• [THE TASK] With the pictures removed, write out the data below exactly.

(DATA EXTRACT)

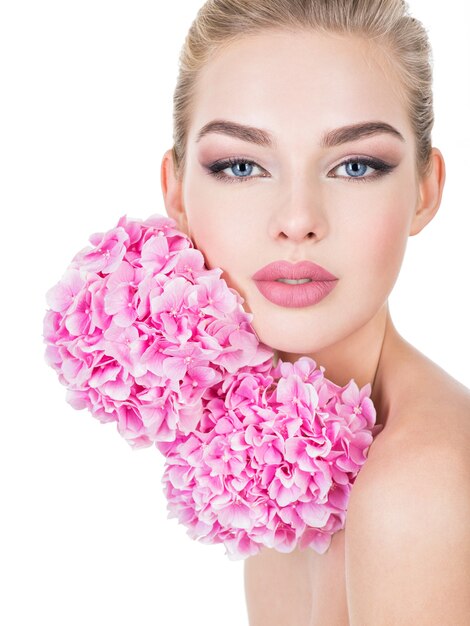 Young beautiful woman with flowers near face.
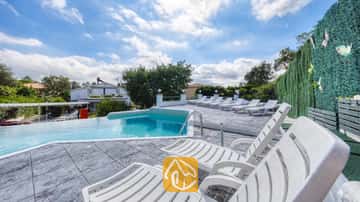Piscina privada con múltiples tumbonas de plástico blanco en una terraza enlosada en Villa Geolouk, España.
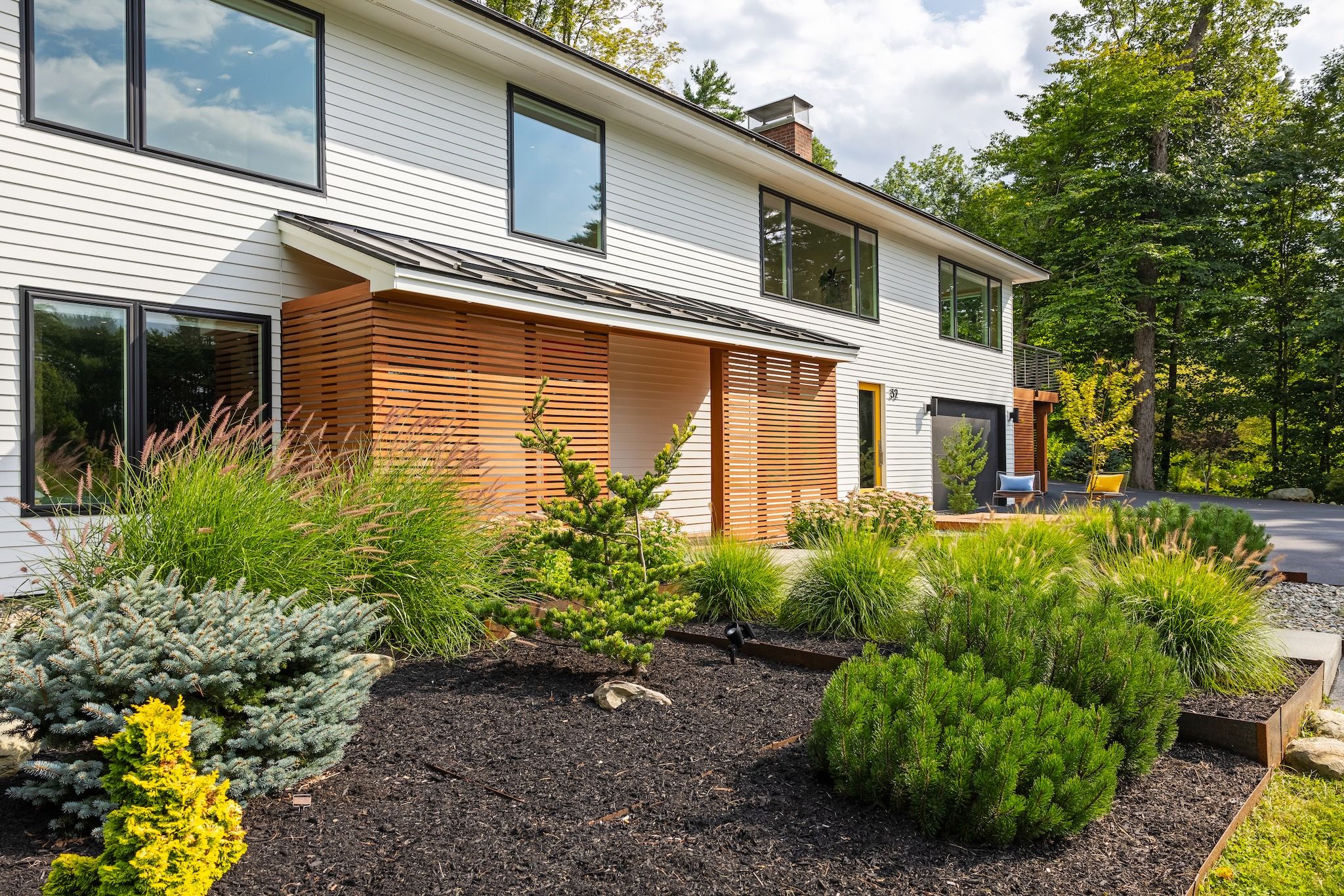 A modern two-story house with a landscaped garden featuring various shrubs and a wooden deck.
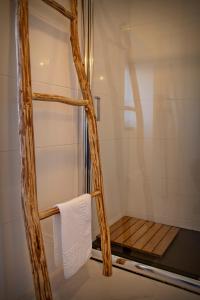 a shower with a wooden frame and a towel in a bathroom at Casa da Fonte Limpa in Mirandela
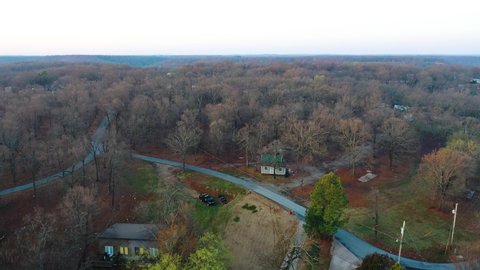 Trees With Leafless Branches In A Remote Middle of Nowhere Town Near Midwest Countryside Forest. Aerial Drone Searching Motion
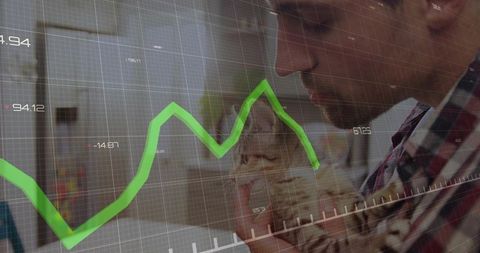 Mid-adult man cradling tabby kitten in home office with green financial chart overlay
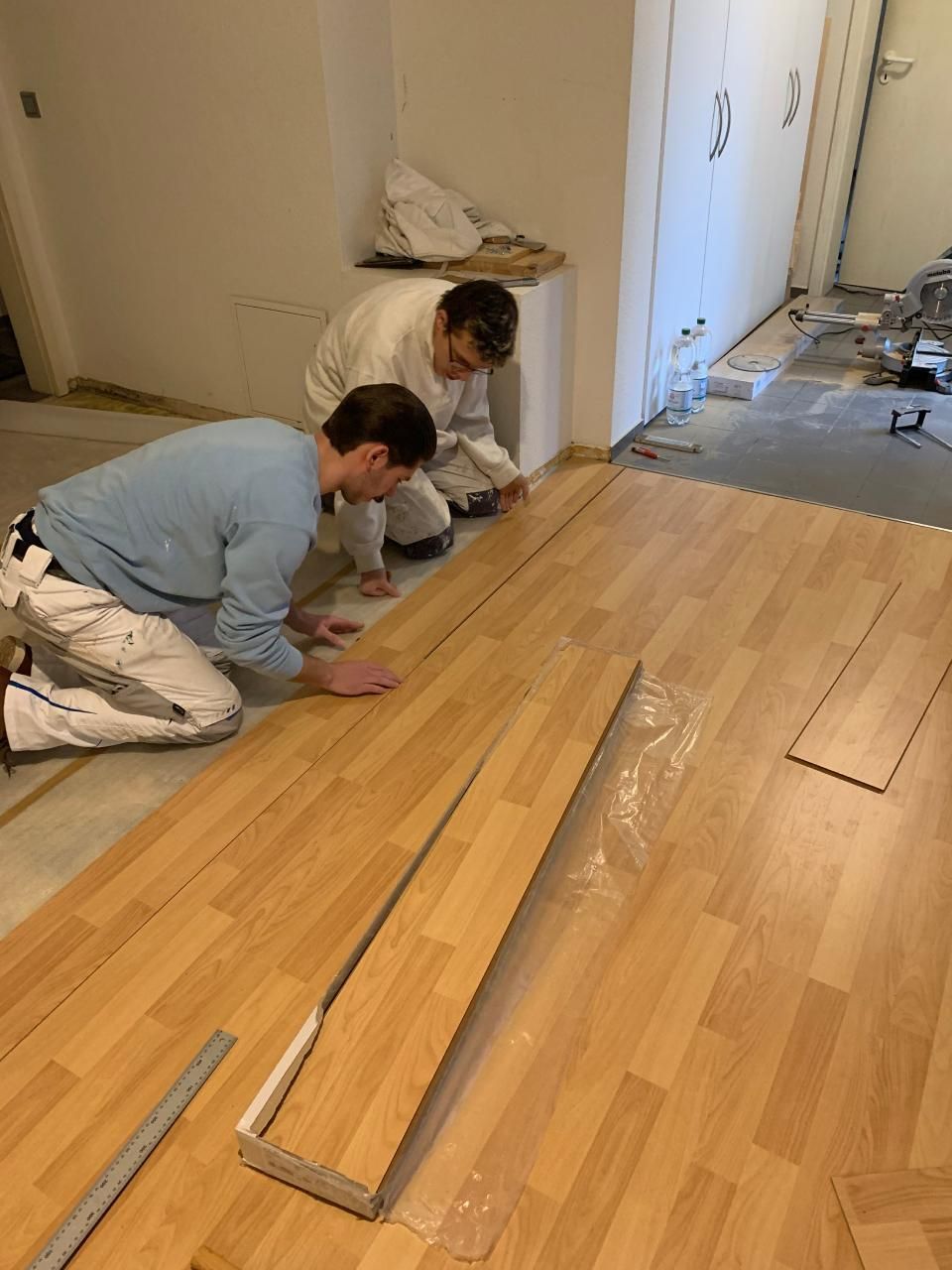 Zwei Männer arbeiten in einem Raum an einem Holzboden.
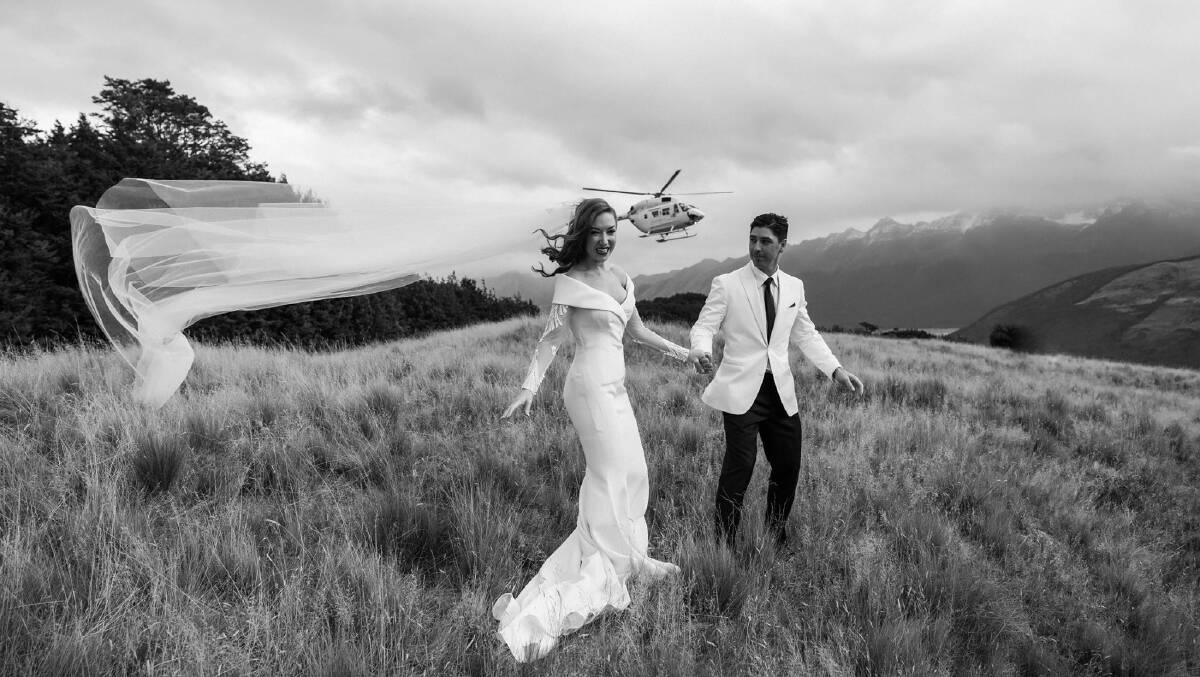 Kristen Henry and Iain Davidson flew their wedding party by helicopter up to a mountain setting for their photographs. Picture: Kate Drennan Photography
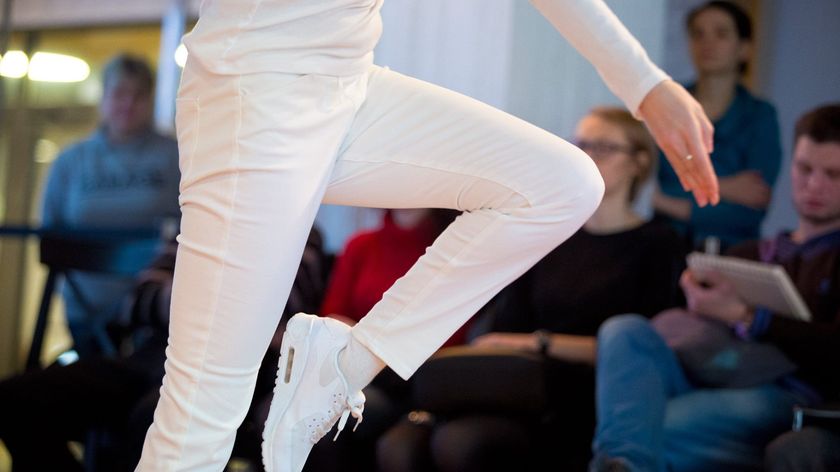 Photograph of a dancer in motion, dressed entirely in white, captured mid-jump with one leg raised in a geometric pose.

(End DATA EXTRACT)

• [WORKED SOLUTION]
 Young beautiful woman with flowers near face.
Piscina privada con múltiples tumbonas de plástico blanco en una terraza enlosada en Villa Geolouk, España.
 A modern two-story house with a landscaped garden featuring various shrubs and a wooden deck.
 a shower with a wooden frame and a towel in a bathroom at Casa da Fonte Limpa in Mirandela
 Trees With Leafless Branches In A Remote Middle of Nowhere Town Near Midwest Countryside Forest. Aerial Drone Searching Motion
 Mid-adult man cradling tabby kitten in home office with green financial chart overlay
 Zwei Männer arbeiten in einem Raum an einem Holzboden.
 Kristen Henry and Iain Davidson flew their wedding party by helicopter up to a mountain setting for their photographs. Picture: Kate Drennan Photography
 Photograph of a dancer in motion, dressed entirely in white, captured mid-jump with one leg raised in a geometric pose.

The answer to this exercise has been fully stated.